Jamais de ma vie je n’ai vu une conception aussi comptable de l’éducation. Carr, lui c’en était un qui devait rêver de s’habiller en brun quand il était petit! Tout au long de son entretien avec Trépanier, le ministre fait allusion au fameux retour sur l’investissement en éducation, et combien il est déplorable qu’on ne le mesure pas avec précision. Qu’on ne finance pas les université en fonction de ce qu’elles rapportent à la province. Il exprime notamment le désir de voir le gouvernement s’impliquer de plus en plus dans la gestion des finances universitaires, en faisant un appel mal voilé à une réforme de la formule de financement des universités pour qu’elle reflète mieux leur performance. Cette dernière doit se mesurer par leur apport direct à l’économie de la province, évidemment.

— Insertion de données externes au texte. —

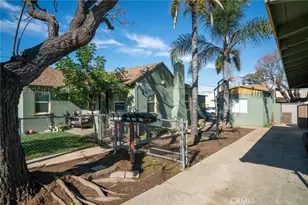 929 933 W 7th St, Corona, CA 92882 - Photo 4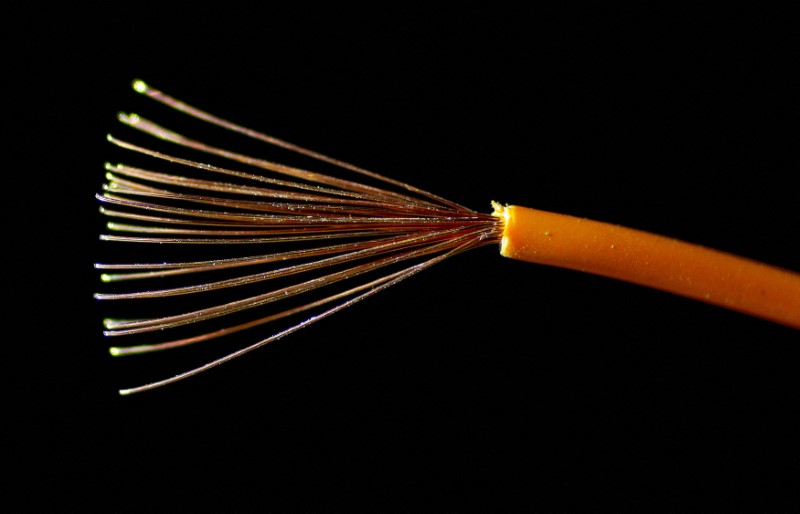 &copy; Reuters. Ilustración fotográfica de un cable con cobre. 25 octubre 2017. REUTERS/Max Rossi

Et cet apport se mesure par la capacité des universités à faire entrer les diplômés dans le moule de l’emploi disponible, et spécifiquement des postes vacants sur le marché du travail néo-brunswickois.

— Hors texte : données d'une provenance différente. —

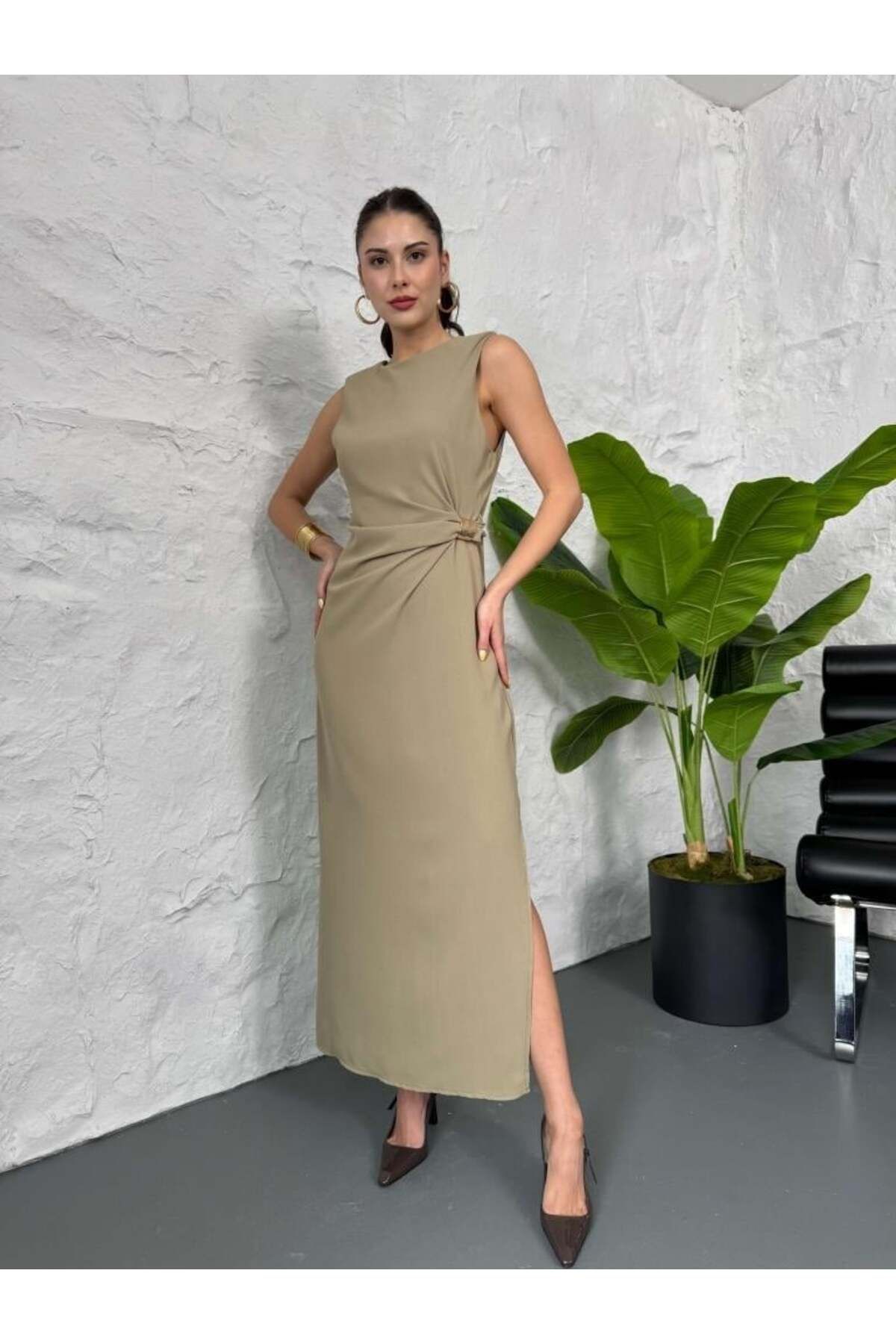 Lady Pixie Gold Tokalı Yırtmaç Detay Elbise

Mais j’aurais quelques perles de sagesse – gratuites – pour notre cher ministre si soucieux de constater un retour sur l’investissement.

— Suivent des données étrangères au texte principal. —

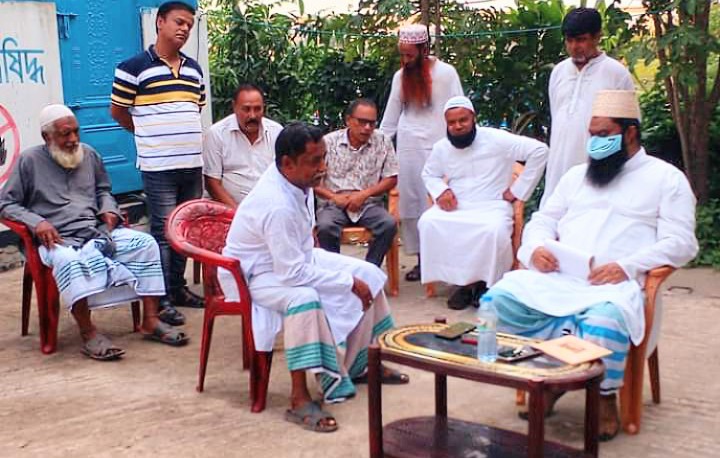 শ্রমিক নেতা পলাশের সাথে ১৩৯ শহীদ পরিবারের সৌজন্য সাক্ষাৎ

Écoute mon Jody; si demain matin je m’inscris au CCNB en plomberie, les chances sont fortes que dans 2 ans d’ici je me cherche un emploi comme plombier. Si je m’inscris à l’Université, peu importe le programme ou à peu près, les portes qui s’ouvriront à moi après l’obtention du diplôme sont, disons, un peu plus nombreuses. J’y aurai amassé un bagage varié, fondé sur des compétences transférables qui laissent une plus grande place à l’interprétation et l’intégration des connaissances suivant mes forces et mes défis.
Es-tu allé aux études pour devenir ministre, toi? Je veux dire : spécifiquement pour ça? J’imagine que non. T’as, comment dire, probablement plutôt «tombé dedans». ÇA t’intéressait et l’occasion s’est présentée.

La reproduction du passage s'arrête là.